Many such politicians are also wedded to the neo-liberal economic policy based on profit seeking and high economic growth without real concern for social justice and ecological stewardship. Developers, bankers, investors and others from the wealthy economic elite have critical influence on government policies compared to the rakyat.
On the other hand, genuine environmentalists – not those pseudo ones serving certain political interests – are concerned with the impact of ‘development’ on our ecology, social relations, social justice and inter-generational rights. They are not in the fight for power and the benefits that come with it. Consistent with this perspective, CAP and SAM have been non-partisan on party politics and opposed projects that we were convinced would not be in the long-term interest of society, regardless of the political parties promoting them.
For example, we opposed the Komtar project on the ground that it was not economically viable, would create traffic congestion, and destroy the unique beauty of our urban heritage. We have been proved right with the lack of demand for space there, traffic congestion in the surrounding areas, and the mushrooming of ugly high-rise buildings all over the city.
We also initiated an alliance of civil society groups which campaigned against and stopped the proposed massive development of Penang Hill by the Berjaya group.
We tried to stop the Bakun project, even by taking the matter right up to the Court of Appeal, but we did not succeed because of the timidity of our courts and the power of those behind the project. The project has destroyed virgin rainforest the size of Singapore, causing irreplaceable ecological losses and heavy financial loss to the government and government-linked companies which are continuing. To create demand for the excess energy generated, the Sarawak state government is trying to lure energy-guzzling and polluting industries like aluminium and steel.
You are wrong in alleging that we did not object to the land reclamation carried out by the previous administration. The decision on the reclamation and the decision to award the contract to a particular company without tendering were taken in secret by the State Exco. It was only much later, after the contract had been signed and work had started, that the public came to know about it. We criticised it and organised the coastal fishermen affected by the project to oppose and resist the reclamation. It is to prevent such bad practice, which would inevitably produce financial loss to the people and damage to the environment, that, when you announced the mega-project in 2011, CAP, SAM and other civil society groups opposed it and called for a study on its viability and need.
In the light of this record, it is highly irresponsible and unethical for you to accuse us of being selective in our criticism and of being aligned to the Barisan Nasional. We can understand that you are under pressure and mounting tension with the elections coming closer but you must be careful with your comments and not make wild allegations. That is what marks a statesman from a quarrelsome politician.
Interestingly, just recently, a politician from the Barisan Nasional accused us of being aligned to the Pakatan Rakyat to bring down the BN government.
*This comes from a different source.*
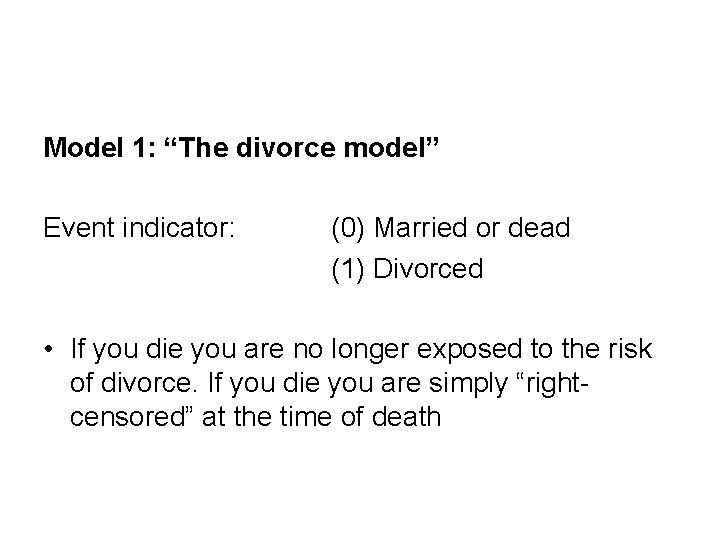 Model 1: “The divorce model” Event indicator: (0) Married or dead (1) Divorced •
By perceiving constructive criticism from civil society through party lens, some politicians display their intolerance and ignorance of democracy. They believe in the Bush doctrine “You are either with us or against us” – and look at what that has brought the United States.
Your difficulties with the Federal government cannot justify embarking on a RM6.3 billion mega-project without understanding its long-term implications and without convincing evidence that it will solve the traffic congestion problem on the island. Your ‘consultations’ with the public have been after the announcement of the project and they were to explain your decision rather than to seek public views on the project before taking a decision.
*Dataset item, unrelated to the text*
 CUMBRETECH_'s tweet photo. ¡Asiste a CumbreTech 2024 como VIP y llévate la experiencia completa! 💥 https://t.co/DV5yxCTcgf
The fundamental question is: Is there a need for such a project and have any feasibility and cost-benefit studies been carried out before the decision was made to go on with a project of this magnitude? You announced the signing of the MOU for four major roads with Chinese companies even before the consultants began work on the Transport Master Plan (TMP). On what basis was this decision taken?
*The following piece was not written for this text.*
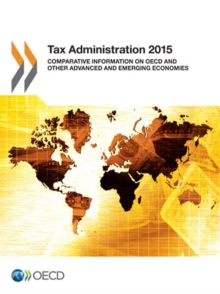 Tax Administration 2015 Comparative Information on OECD and Other Advanced and Emerging Economies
A strategic environmental assessment (SEA) of the proposal with genuine public participation should have been undertaken before the decision was made to go ahead with the project and invite tenders for the works. A SEA would involve looking at the sustainability of the project from the economic, social, environmental and cultural perspectives. To cite an example from Scandinavia, the SEA done for the Norwegian Road and Road Transport Plan 1997 even considered reduction in the number of kilometres of trunk roads in significant conflict with landscape qualities and the natural and cultural environment.
The TMP recommends a balanced approach to solving transport problems with short- and long-term measures. Major road construction is for the long term. You have chosen to proceed with the mega-project regardless of public opposition and ignoring the recommendations of the TMP. Therefore, what is there left to ‘consult’? Public consultation has become meaningless and reduced to a public relations exercise.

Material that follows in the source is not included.